THE SOCIETY OF TIMID SOULS

Or, How to Be Brave

by Polly Morland

Pub Date: July 9th, 2013
ISBN: 978-0-307-88906-5
Publisher: Crown

A celebration of one of humankind’s rarest and most valuable virtues: bravery.

Documentarian Morland interviews a diverse group of brave individuals—soldiers, big wave surfers, civil rights activists, sufferers of terminal diseases and bank robbers make the cut—in an attempt to isolate the origin and meaning of this elusive trait, which she believes is in distressingly short supply in our coddled yet hysterical age.

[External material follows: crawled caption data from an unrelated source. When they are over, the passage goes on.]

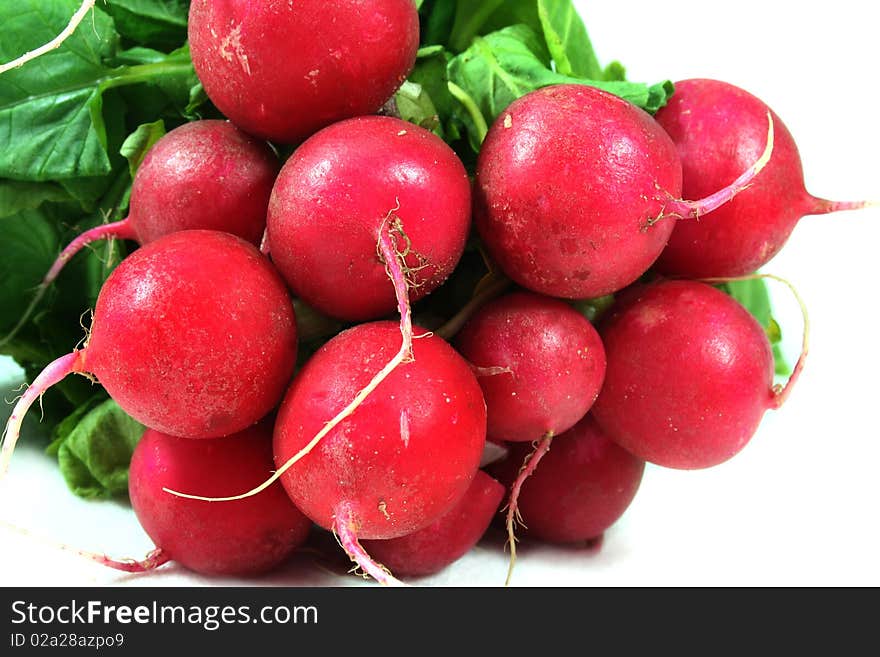 A bunch of radishes on white bord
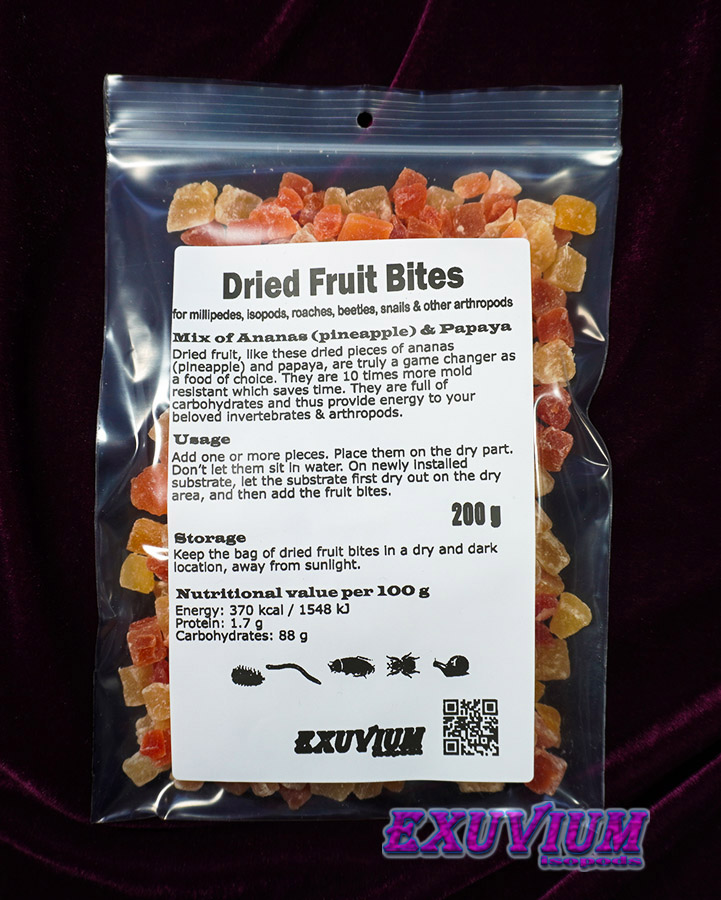 dried food bites, ananas, pineapple, papaya, isopod food, millipede food, roaches food, for sale, available, in stock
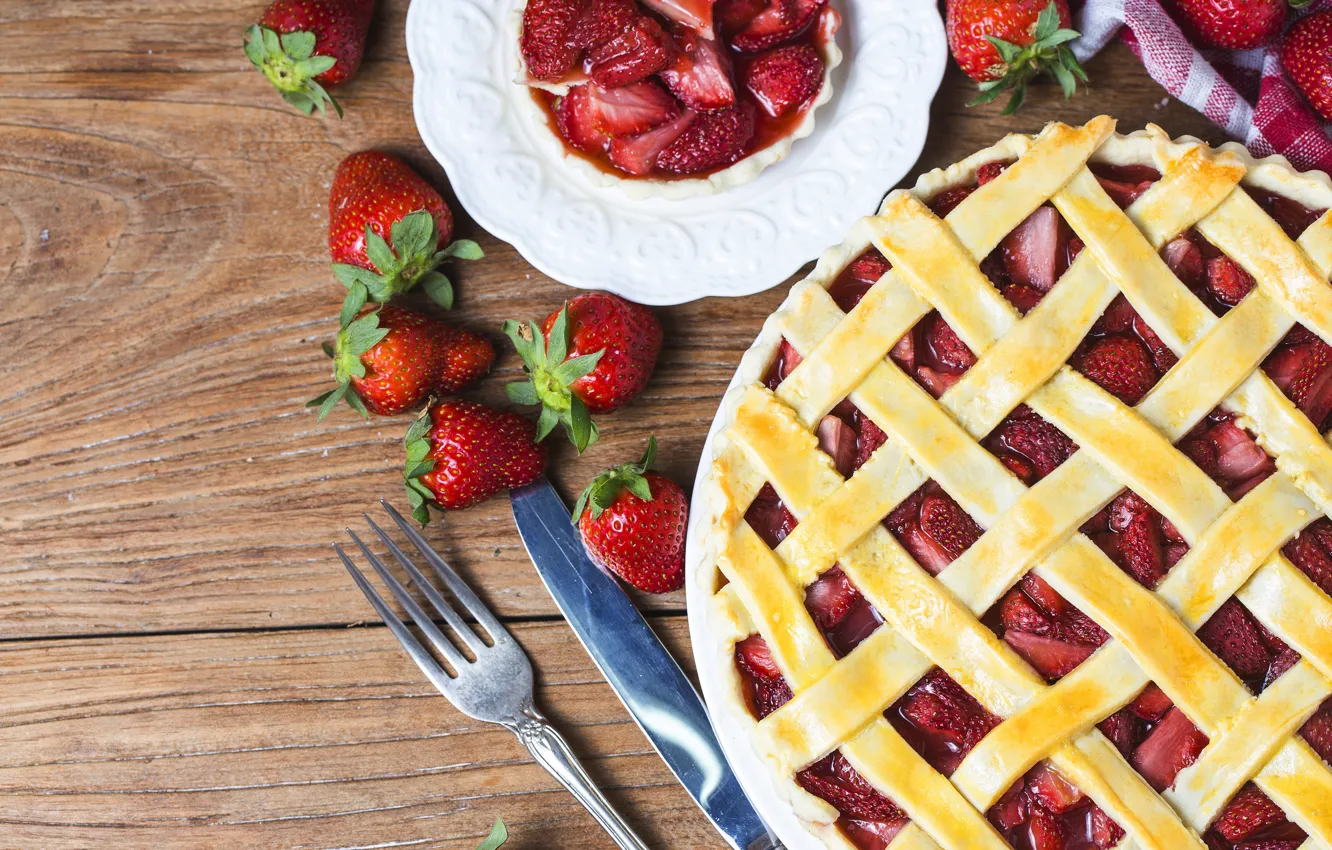 Photo wallpaper berries, strawberry, pie, fresh, cake, sweet, strawberry, berries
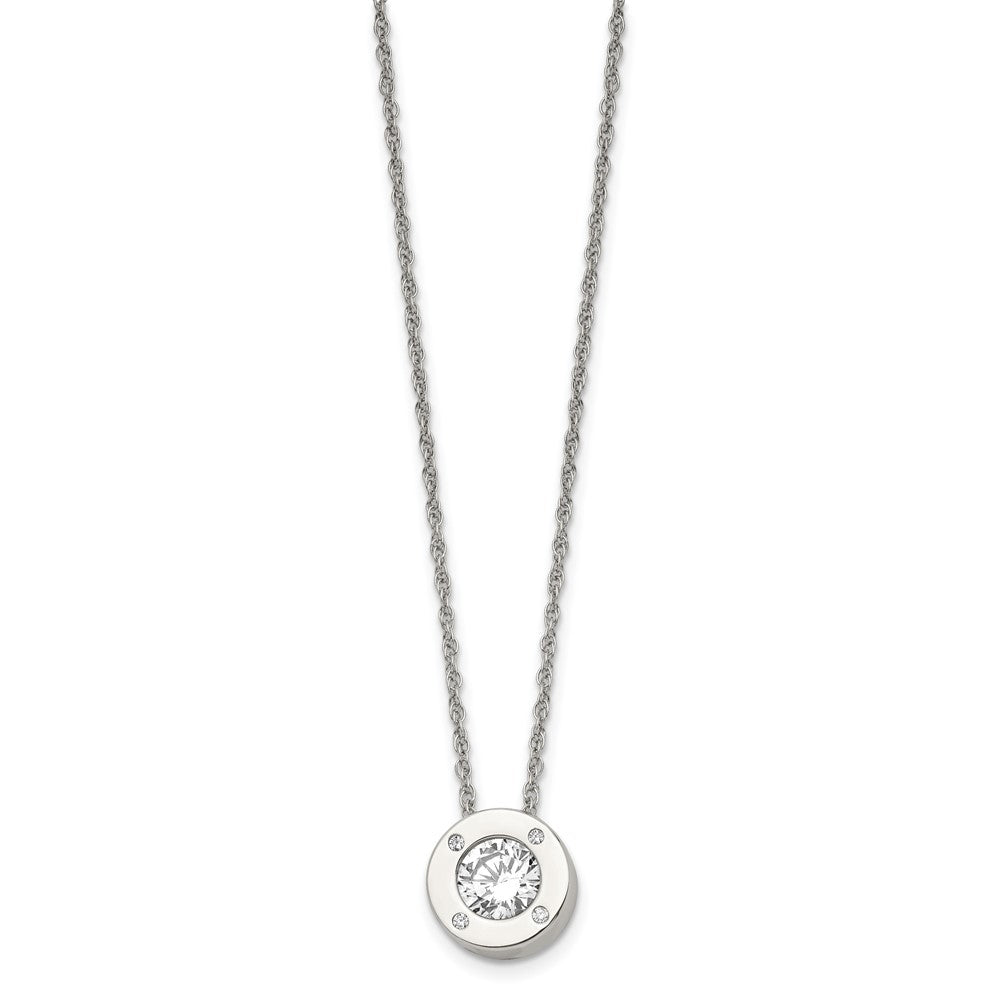 Alternate view of the Stainless Steel Small Polished CZ April Birthstone Necklace, 20 Inch by The Black Bow Jewelry Co.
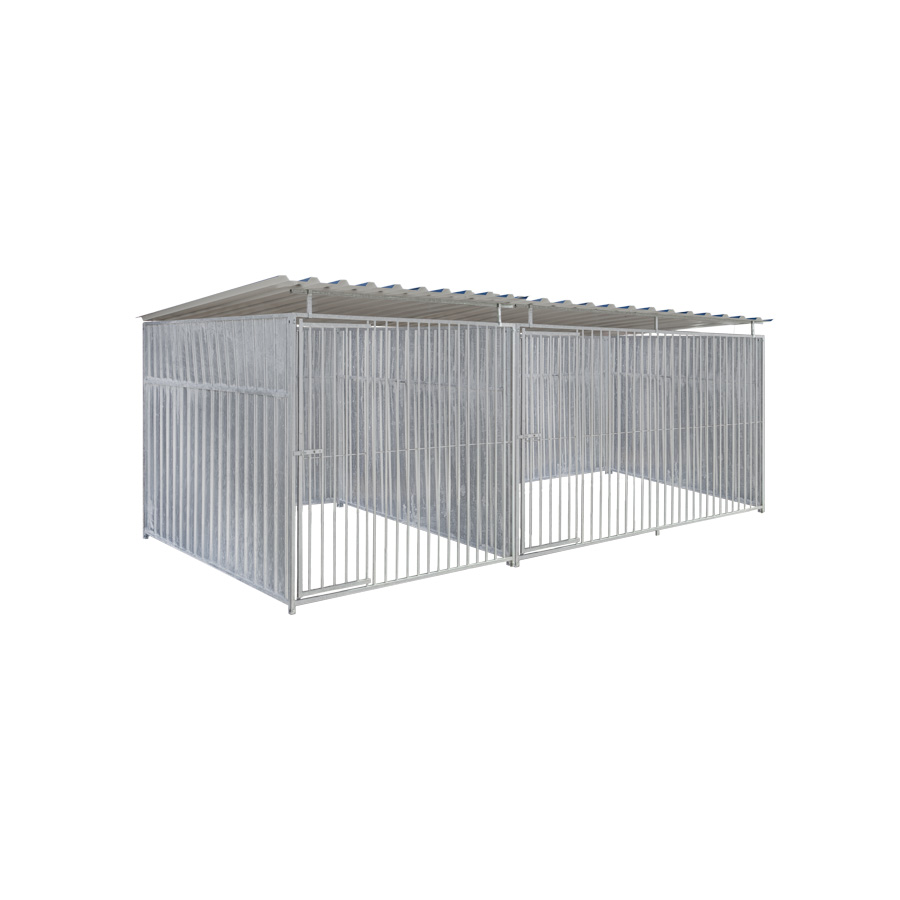 Geheel dicht damwand hondenkennel dubbel 2 X 2m & 3 X 2m compleet met dak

The title refers to a group of musicians struggling with stage fright convened in the early 1940s by Bernard Gabriel, a classical pianist and proto–inspirational speaker. He subjected his charges to aggressive heckling as they practiced in order to inure them to that particular anxiety, freeing them to play in real performance situations with greater confidence. This immersive method is one of many strategies Morland identifies as courage-building. Others include the comprehensive preparation and devotion to a unit that allow soldiers to regularly risk life and limb, the rigorous practice and heightened sense of pride drilled into bullfighters, and spiritual notions of self-actualization and nonconformity that motivate surfers and climbers. Most mysterious of all courage-builders is the innate knowledge of the right thing to do in a crisis, which some people instinctively access and act upon in a mental state that supersedes conscious decision-making. Most of Morland’s subjects are articulate and engaging, and the stories of tragedy and atrocity have obvious emotional impact, but the book's greatest strength is the author's brisk, witty voice, which conveys the seriousness of her subject in an agreeably light, humanistic tone. Though the author’s conclusions are not earth shattering, her subject is worthy, and her journey is in turns thought-provoking, amusing and heartbreaking.

An entertaining and occasionally inspiring look at a surprisingly slippery subject.